Percée foudroyante du « Black Friday »

La possibilité d’acheter tout au long de l’année des articles en promotion, au moment des opérations commerciales comme le « Black Friday », ou sur les sites Internet de déstockage (Vente-privée, Showroomprivé…) ont également émoussé l’intérêt des consommateurs. « Le “Black Friday” est en plein essor alors que l’effet des soldes commence à s’estomper », constate Marc Lolivier, délégué général de la Fédération du e-commerce et de la vente à distance (Fevad).

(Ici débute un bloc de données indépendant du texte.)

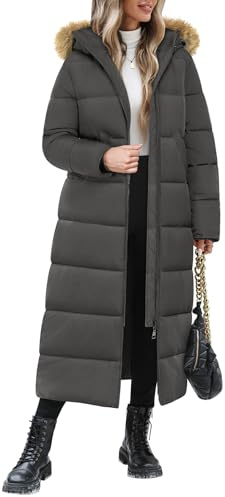 Yuson Girl Wintermantel Damen Lang Warme Mantel Winterjacke mit Abnehmbar Kapuze Herbst Winter Steppmantel Jacke Elegant Damen-mäntel Steppjacke Outdoor Daunenmantel Parka mit Tasche(Dunkelgrau, XL)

Pour le « Black Friday », la CCI va même jusqu’à parler de « percée foudroyante », avec 3 % des commerçants concernés en 2014, 10 % en 2015 et 44 % en 2016.

« 40 % du chiffre d’affaires annuel de Go Sport est issu de promotions et soldes [rentrée scolaire, Noël, soldes…] », confie André Ségura, directeur général de Go Sport, satisfait des ventes sur la période chez Courir et Go Sport.

Dans l’habillement, le phénomène commencerait toutefois à s’inverser. Alors que le poids relatif des soldes et promotions dans les dépenses de prêt-à-porter féminin est passé de 32,7 % à 44,1 % entre 2008 et 2015, il recule à 42,2 % en 2016, selon les chiffres publiés le 8 février par la Fédération française du prêt-à-porter féminin.